Do the 3186 and 9876 only appear at the start of a line, or can they appear anywhere in a line?

How big are these files?

Are the filenames and matching patterns constants, are do you want to pass them as arguments to a shell script?
# 4  
Old 07-18-2013
Hi
The files are very big with over 1.5 Lakh records. The matching patterns are of fixed length of 8 characters, which i have to read from a file.
For each line of that file, i will search in this file which needs to splitted.
# 5  
Old 07-18-2013
You didn't say what your filenames are??? You didn't say whether the patterns appear only at the start of lines or appear anywhere in lines in your input file???

Making lots of wild assumptions:
  1. The patterns you're trying to match don't contain any characters that are "special" in a regular expression.
  2. The patterns you're trying to match don't contain any whitespace characters.
  3. The patterns you're trying to match don't contain any question mark characters.
  4. The patterns you're trying to match only appear at the start of a line in your input file.
  5. The patterns you want to match appear on the first line of a file named patterns and are separated by one or more space or tab characters.
  6. The names of the input file and both output files will be passed to this script as operands 1, 2, and 3, respectively (and default to files named input, out1, and out2 if operands are not given to the script).
  7. Your output filenames do not contain any whitespace characters.
  8. The last line in your input file matching the 1st pattern appears earlier in the input file than the last line matching the 2nd pattern.
If any of these assumptions are incorrect, the following script may need to be modified to make it work. But, if all of these assumptions are correct, the following script produces the output you requested if the input file contains the sample input in your 1st messsage in this thread and the file patterns contains:
Code:
3186 9876

as the first two fields on the first line:
Code:
#!/bin/ksh
f1=${1:-input}
f2=${2:-out1}
f3=${3:-out2}
read pat1 pat2 junk < patterns
ed -s "$f1" <<-END_ED
        1;?^$pat1?ka
        1;?^$pat2?kb
        1,'aw $f2
        'a+1,'bw $f3
        q
END_ED

This was written and tested using the Korn shell, but should work fine with any other shell that recognizes basic Bourne shell syntax or the shell syntax specified by the POSIX Standards and the Single UNIX Specifications.

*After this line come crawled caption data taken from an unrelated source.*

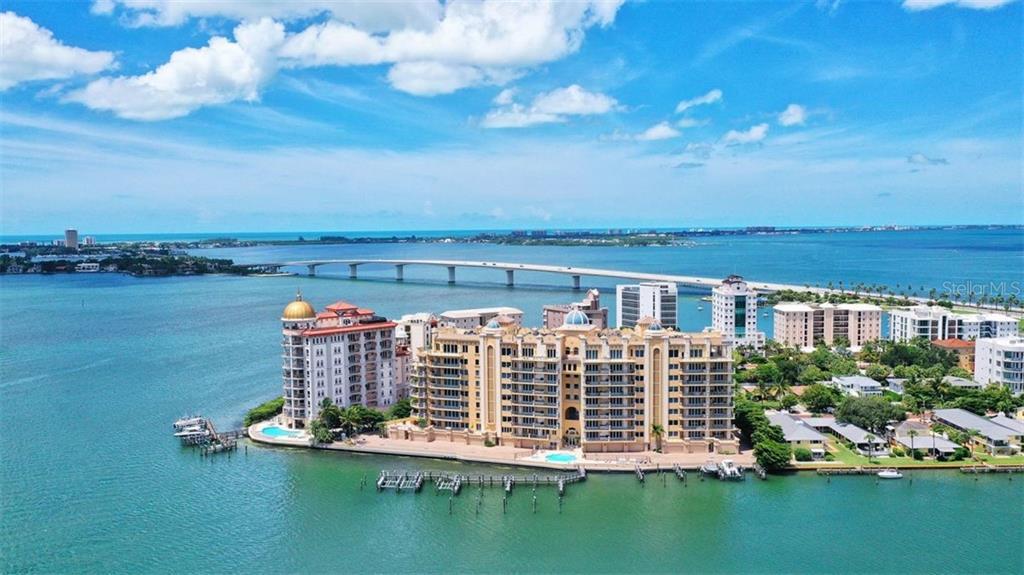 Property Photo: 464 Golden Gate Point Ph9c FL 34236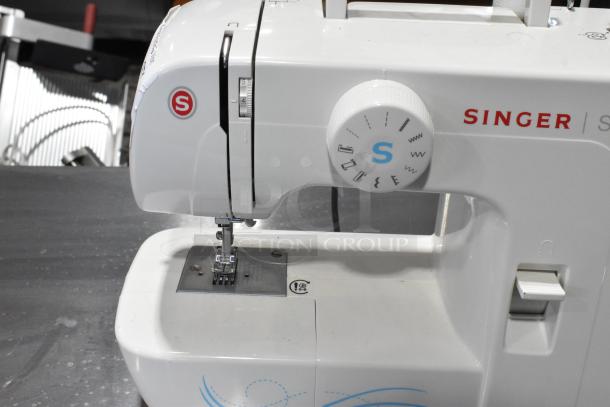 Singer 1304 Countertop Sewing Machine w/ Foot Pedal. - Image 6 of 10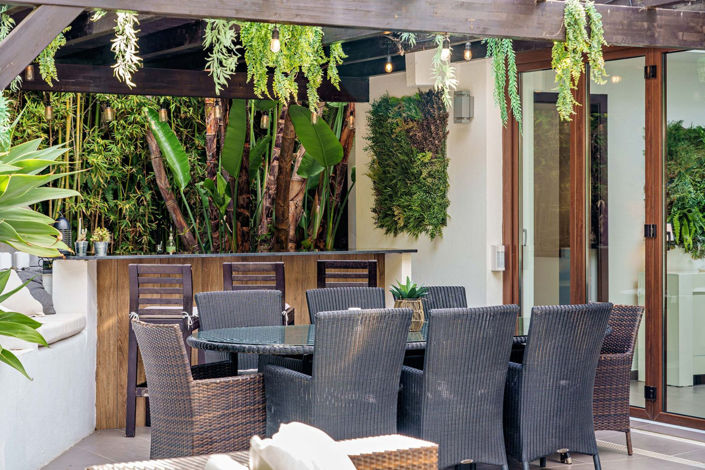 Image No.46-5 Bed Property for sale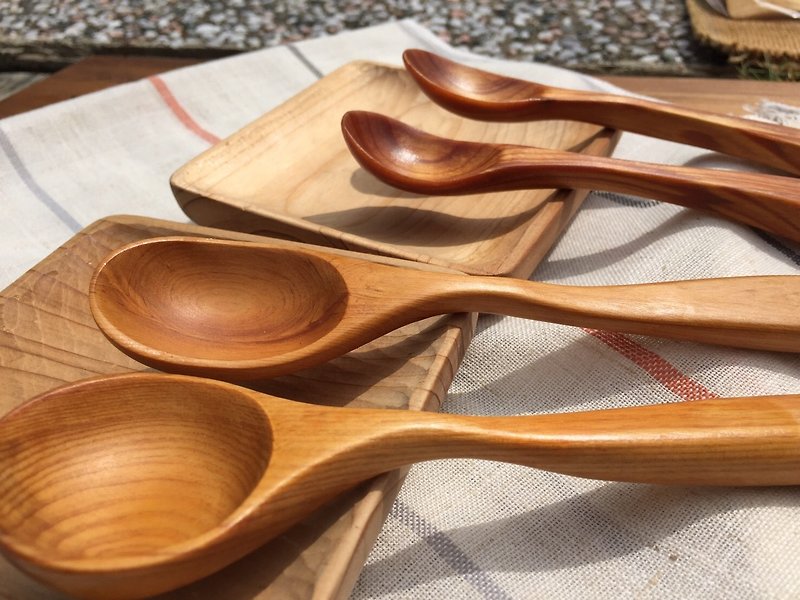 [Good service] GOODO handmade × Xi wood / wooden spoons (juniper) - Cutlery & Flatware - Wood Gold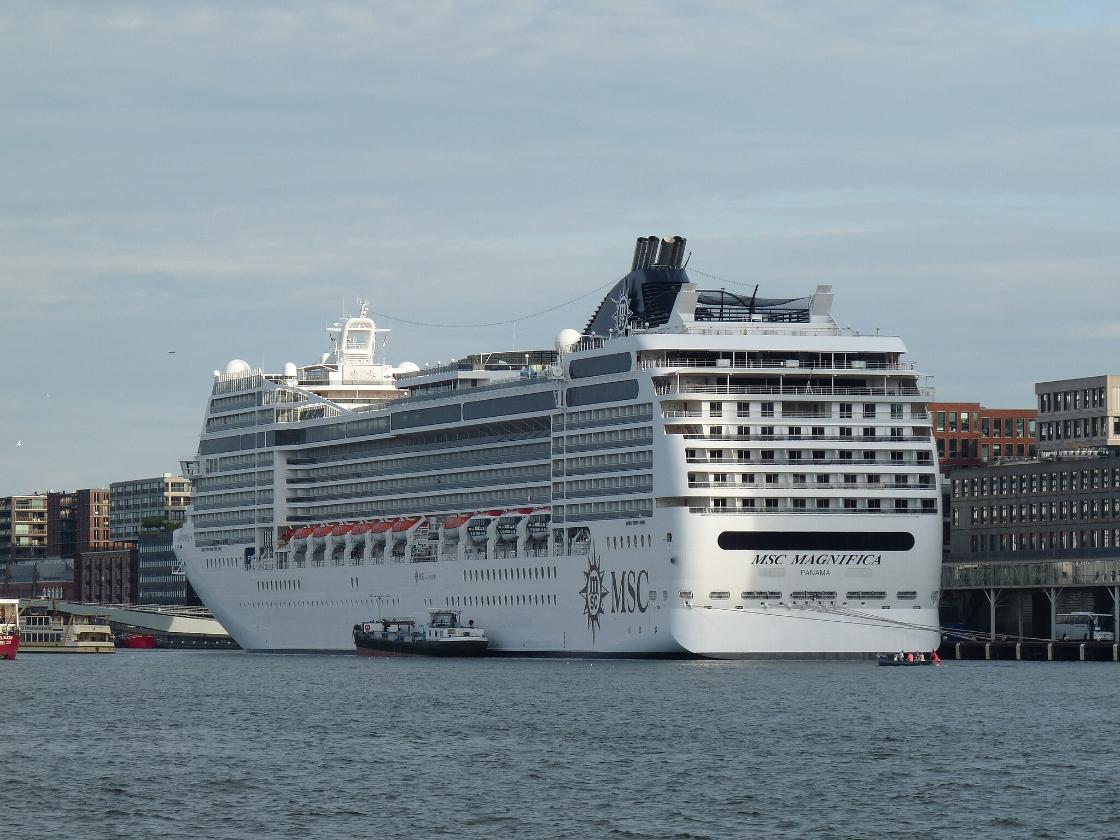 Gemeente Amsterdam wil aantal riviercruiseschepen in de stad halveren / Foto: "Het IJ in Amsterdam in 2018 2" door Smiley.toerist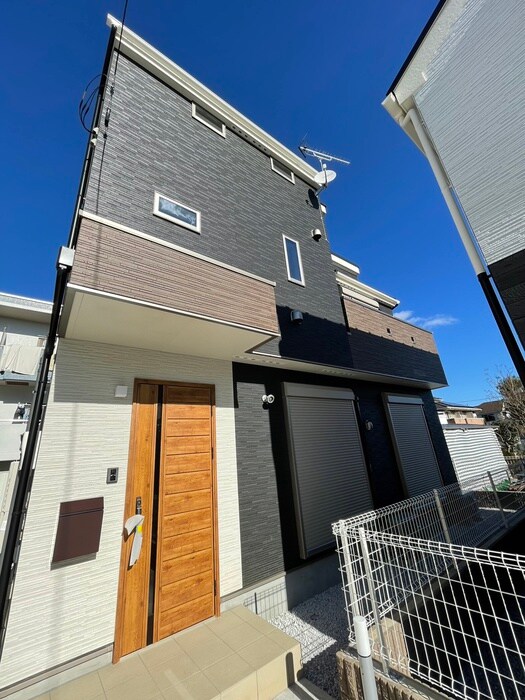 物件外観写真1　(外観写真)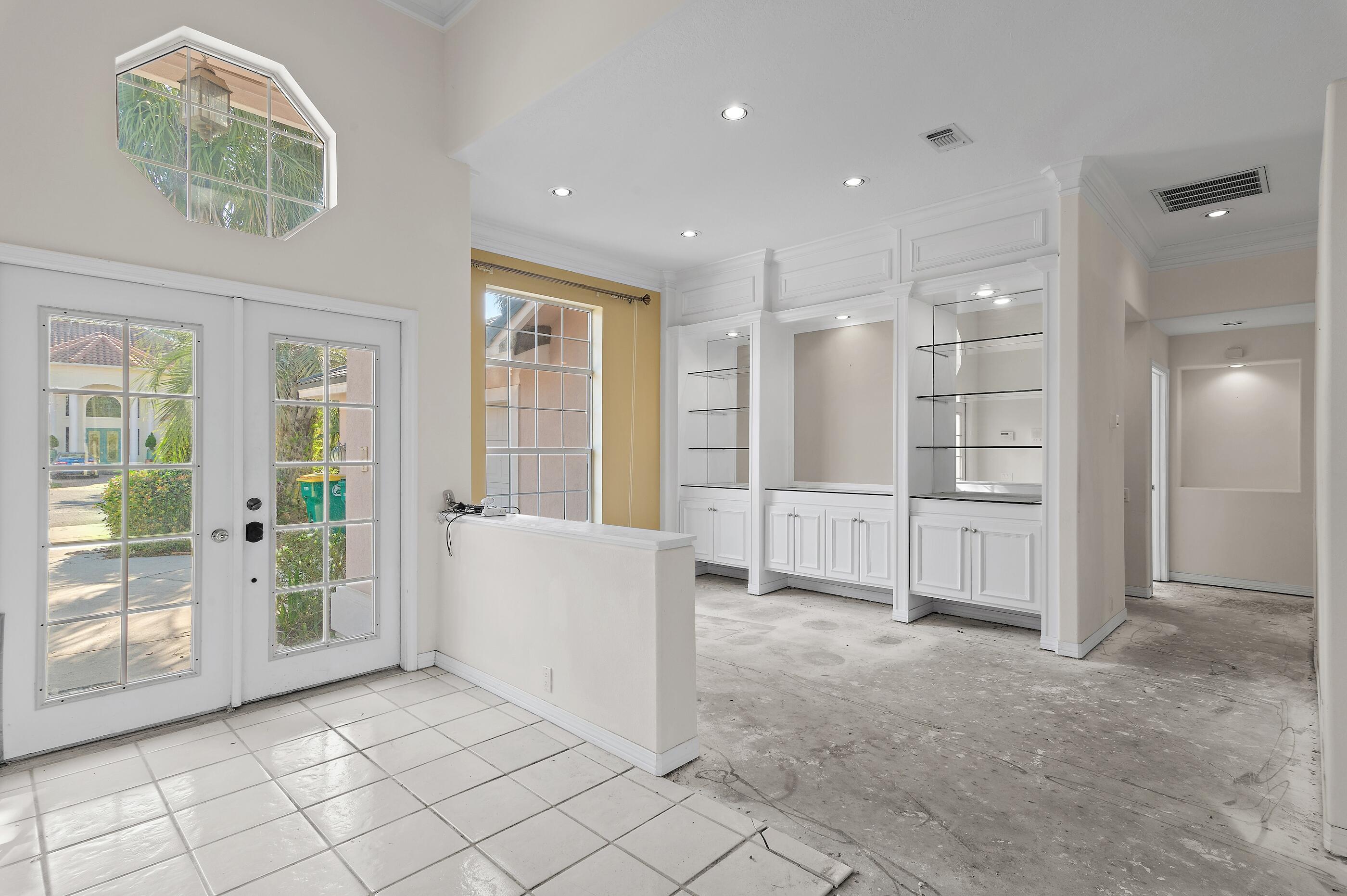 Emerald Bay - Residential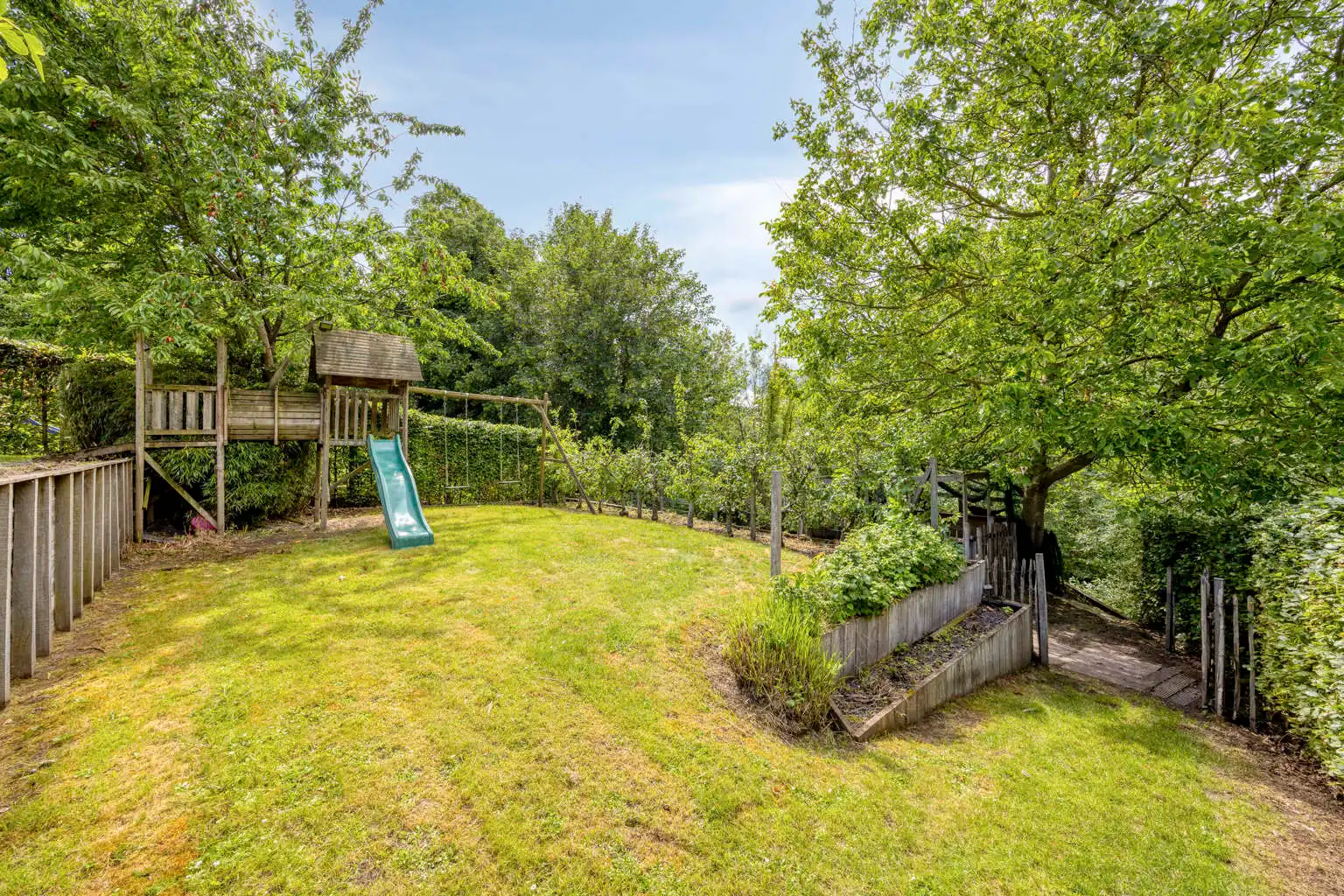 RUSTIG GELEGEN WONING MET TUIN IN HOEGAARDEN foto 27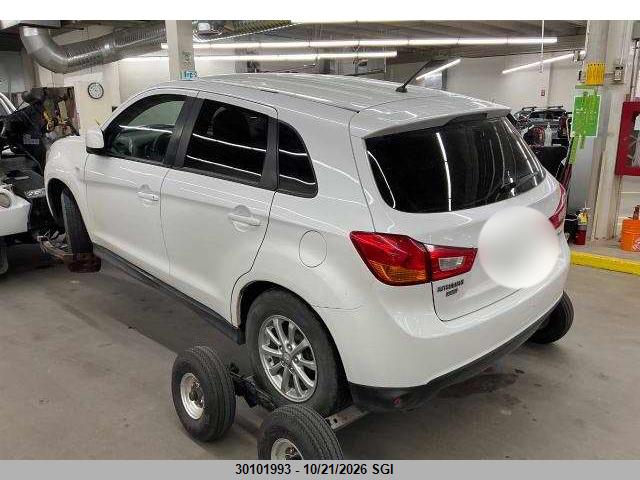 Mitsubishi RVR SE 2014 4A4AJ3AUXEE604520 Image 4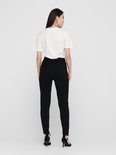 Zwarte chino broek met hoge taille, gedragen door een model in een wit t-shirt en zwarte pumps.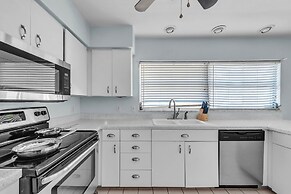 Sunny Retreat In Clearwater 2 Bedroom Home by RedAwning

The awk script Scrutinizer provided makes some of the above assumptions and also assumes that your second pattern can be found on the last line in your input file (which was true in your example). The ed script above allows other lines to follow the 2nd pattern and to not copy them to the 2nd file.
Login or Register to Ask a Question

Previous Thread | Next Thread

9 More Discussions You Might Find Interesting

1. Shell Programming and Scripting

Generate fixed length txt file

hi, i am using below query to generate the fixed length txt file. this sql is being called from shell script. This is supposed to be a fixed record file with the below definitions. There must be 2 byte filler after the CAT_ID AND each line should have total of 270 bytes. field ... (1 Reply)
Discussion started by: itzkashi
1 Replies

2. Shell Programming and Scripting

Break one long string into multiple fixed length lines

This is actually a KSH under Unix System Services (Z/OS), but hoping I can get a standard AIX/KSH solution to work... I have a very large, single line file in Windows, that we download via FTP, with the "SITE WRAP" option, into a Z/OS file with an LRECL of 200. This essentially breaks the single... (4 Replies)
Discussion started by: bubbawuzhere
4 Replies

3. UNIX for Dummies Questions & Answers

Length of a fixed width file

I have a fixed width file of length 53. when is try to get the lengh of the record of that file i get 2 different answers. awk '{print length;exit}' <File_name> The above code gives me length 50. wc -L <File_name> The above code gives me length 53. Please clarify on... (2 Replies)
Discussion started by: Amrutha24
2 Replies

4. Shell Programming and Scripting

Splitting fixed length file using awk

Hi, I need to split a fixed length file of 160 characters based on value of a column. Example: ABC 456780001 DGDG SDFSF BCD 444440002 SSSS TTTTT ABC 777750003 HHHH UUUUU THH 888880001 FFFF LLLLLL HHH 999990002 GGGG OOOOO I need to split this file on basis of column from... (7 Replies)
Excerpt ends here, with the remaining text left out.